The price is a tough pill to swallow — MSRP is $229.95 — but it’s actually as much as $60 less than some competing flip-out (only to one side) and offset-yet-foldable sights. If only they were a few millimeters shorter, they’d really have all of the bases covered.

Specifications (TUOR Sights MKII):

Material: Nitrided steel and hard anodized aluminum
MSRP: $229.95 (30% discount for MIL/LEO)

Ratings (out of five stars):

Quality  * * * * *
Flawless. Machining, fit, and finish are great. Action is smooth and precise.

Practicality  * * * 
The sights’ height is a problem for scope clearance in many cases, and it’s hard to overlook the fact that the whole point of offset sights in the first place is to clear a scope.
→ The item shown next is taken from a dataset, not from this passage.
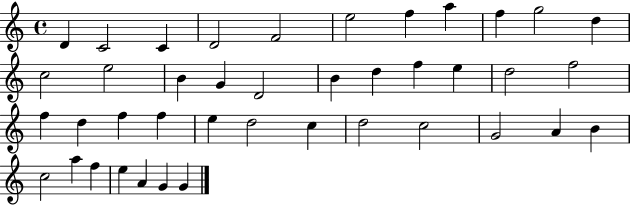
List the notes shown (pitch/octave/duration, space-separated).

D4/q C4/h C4/q D4/h F4/h E5/h F5/q A5/q F5/q G5/h D5/q C5/h E5/h B4/q G4/q D4/h B4/q D5/q F5/q E5/q D5/h F5/h F5/q D5/q F5/q F5/q E5/q D5/h C5/q D5/h C5/h G4/h A4/q B4/q C5/h A5/q F5/q E5/q A4/q G4/q G4/q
Still, if that’s a problem, there are multiple work-arounds (bumping scope height up a few millimeters, running the TUORs in front of the scope, squeezing the rear sight in and leaving it fixed to one side or the other).

Overall  * * * * 
Despite the clearance issue I ran into, the TUORs still offer extreme versatility. I don’t believe there’s another iron sight on the market capable of co-witnessing with a 1x optic (or being used on their own in standard, upright config) and transitioning to offset duty. Never mind one that swings 45° in both directions, locks solidly in place at 10:30, 12:00, and 1:30, and flips up and down regardless of orientation. This means the same pair of sights can work on all sorts of rifles in all sorts of configurations with all sorts of optics…height permitting.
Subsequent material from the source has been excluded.